Introduction
Binary search is a searching algorithm that finds the position of a target value within a sorted array. Compared to linear search, which checks each element one by one, binary search is far more efficient, reducing the time complexity from O(N) to O(log N).
In binary search, you start by looking at the middle element of the sorted array. If the middle element matches the target value, then you've found what you're looking for. If the target value is less than the middle element, then you search the left half of the array. If the target value is greater than the middle element, then you search the right half. You continue this process, halving the size of your search space at each step, until you either find the target value or confirm that it's not in the array.
Calculating Multiple Occurrences of an Element in an Array
Suppose you have a sorted array and you want to find how many times a particular element occurs in it. You can use a variation of the binary search algorithm to accomplish this task efficiently.
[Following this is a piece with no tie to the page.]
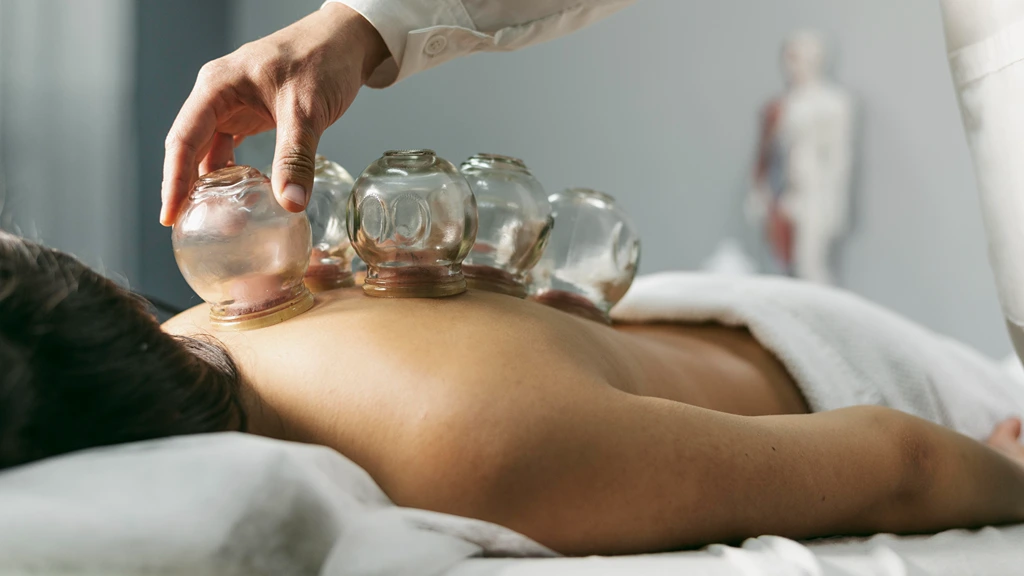 Most Popular Alternative Medicine in Indonesia Cupping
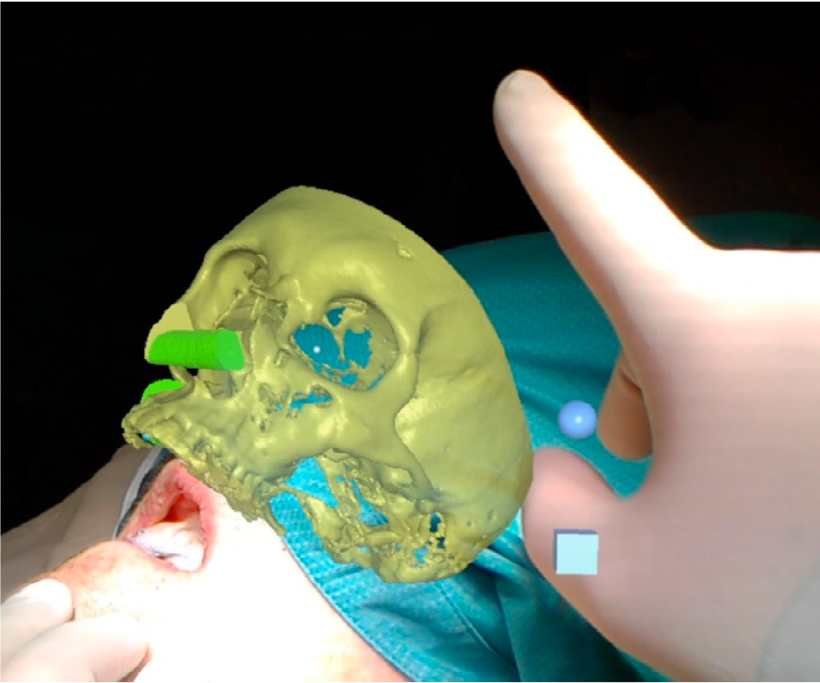 Augmented reality visualization for image-guided surgery: a validation study using a three-dimensional printed phantom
Find the First Occurrence: Use binary search to find the first occurrence of the target element in the array. Let's say its index is i. Find the Last Occurrence: Use another binary search to find the last occurrence of the target element in the array. Let's say its index is j. Calculate the Frequency: The number of times the target element appears in the array is j - i + 1. This method works efficiently because each binary search operation has a time complexity of O(log N).
But before attempting this question you must know about the Upper Bound and the Lower Bound in Binary Search.
Upper Bound and Lower Bound
These terms are often used in the context of binary search to find the "boundary" elements in a sorted array. Here’s what they mean:
Upper Bound
This is the smallest index where the value is greater than the given value. In simple terms, it's the first element that is strictly greater than the search value. Let’s see what will be the upper bound of 3 in given images.
Pseudo-Code for Upper Bound:
low = 0
high = length(arr) - 1
answer = -1
while (low <= high){
mid = (low + high) / 2
if (arr[mid] > target){
answer = mid
high = mid - 1
}
else{
low = mid + 1
}
}
return answer
Lower Bound:
This is the smallest index where the value is greater than or equal to the given value. In other words, it's the first element that is not smaller than the search value. Let’s see what will be the lower bound of 3 in the given images.
Pseudo-Code for Lower Bound:
low = 0
high = length(arr) - 1
answer = -1
while (low <= high){
mid = (low + high) / 2
if (arr[mid] >= target){
answer = mid
high = mid - 1
}
else{
low = mid + 1
}
}
return answer
Both upper bound and lower bound can be found using variations of the binary search algorithm and are particularly useful in range-based queries and searches.